__Exercise aim__:
Retype, exactly as they stand, the lines from the start of the data to the line that contains "Mercedes Classic Hood", both ends included. Leave the pictures out.

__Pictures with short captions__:
::::::::::

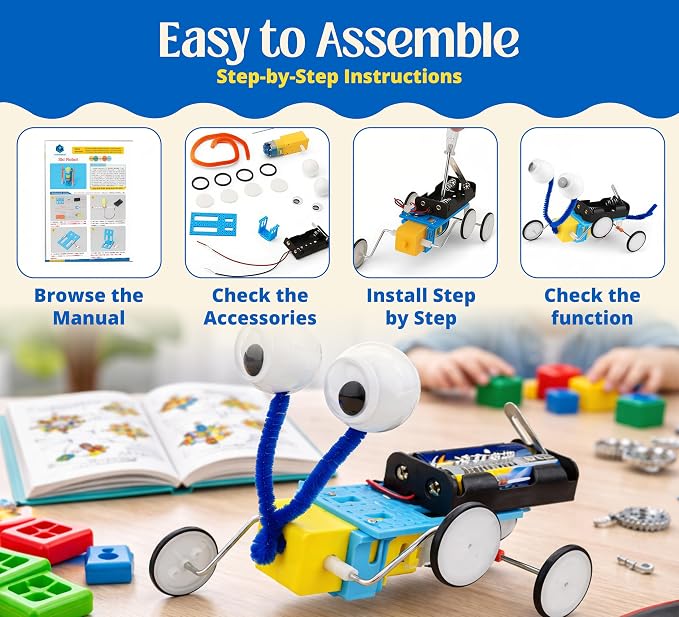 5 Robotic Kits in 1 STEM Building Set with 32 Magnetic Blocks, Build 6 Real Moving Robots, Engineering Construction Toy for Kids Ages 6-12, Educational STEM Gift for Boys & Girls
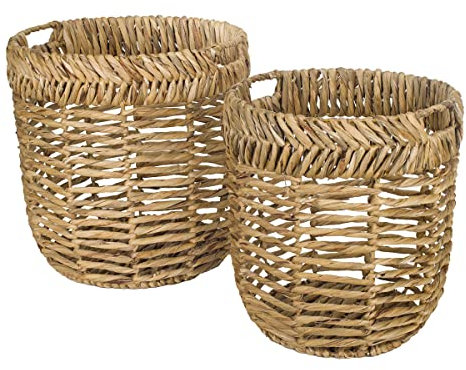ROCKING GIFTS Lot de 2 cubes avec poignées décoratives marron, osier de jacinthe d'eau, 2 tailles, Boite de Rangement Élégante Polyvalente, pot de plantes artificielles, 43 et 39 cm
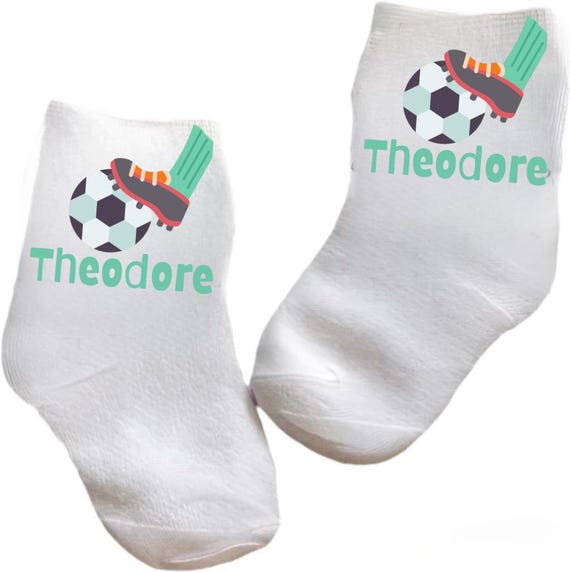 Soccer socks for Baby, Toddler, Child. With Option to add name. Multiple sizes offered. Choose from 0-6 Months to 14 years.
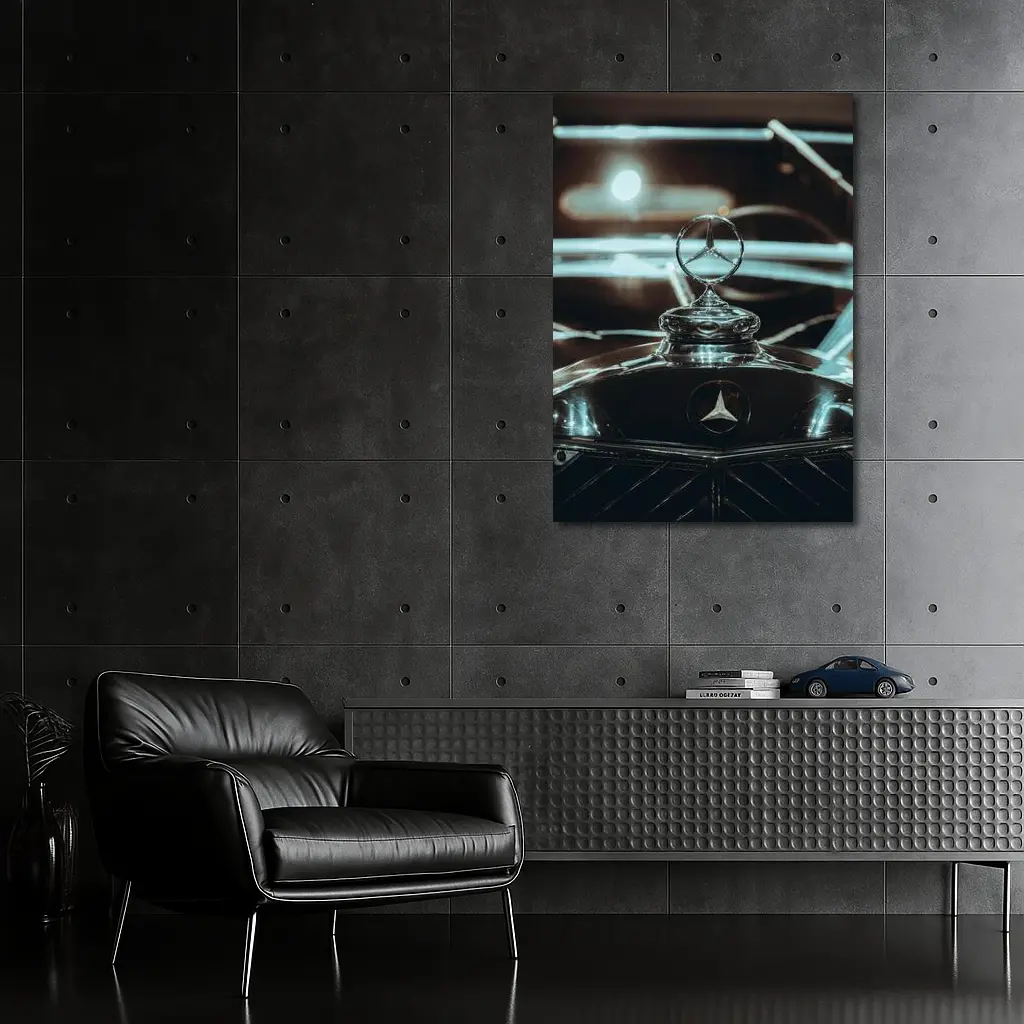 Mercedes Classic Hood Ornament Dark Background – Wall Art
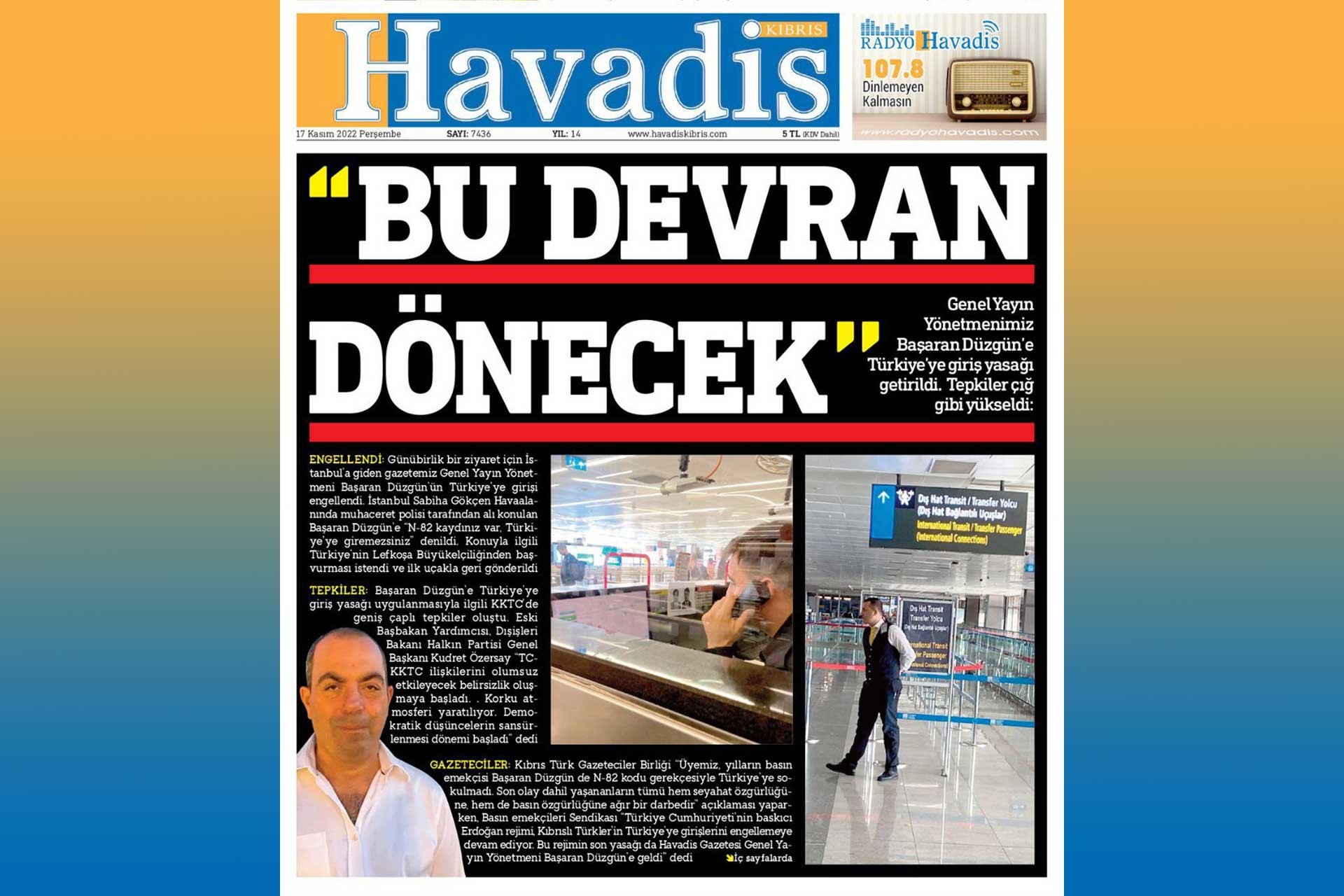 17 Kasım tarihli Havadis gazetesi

::::::::::

__Completed exercise__:
 5 Robotic Kits in 1 STEM Building Set with 32 Magnetic Blocks, Build 6 Real Moving Robots, Engineering Construction Toy for Kids Ages 6-12, Educational STEM Gift for Boys & Girls
ROCKING GIFTS Lot de 2 cubes avec poignées décoratives marron, osier de jacinthe d'eau, 2 tailles, Boite de Rangement Élégante Polyvalente, pot de plantes artificielles, 43 et 39 cm
 Soccer socks for Baby, Toddler, Child. With Option to add name. Multiple sizes offered. Choose from 0-6 Months to 14 years.
 Mercedes Classic Hood Ornament Dark Background – Wall Art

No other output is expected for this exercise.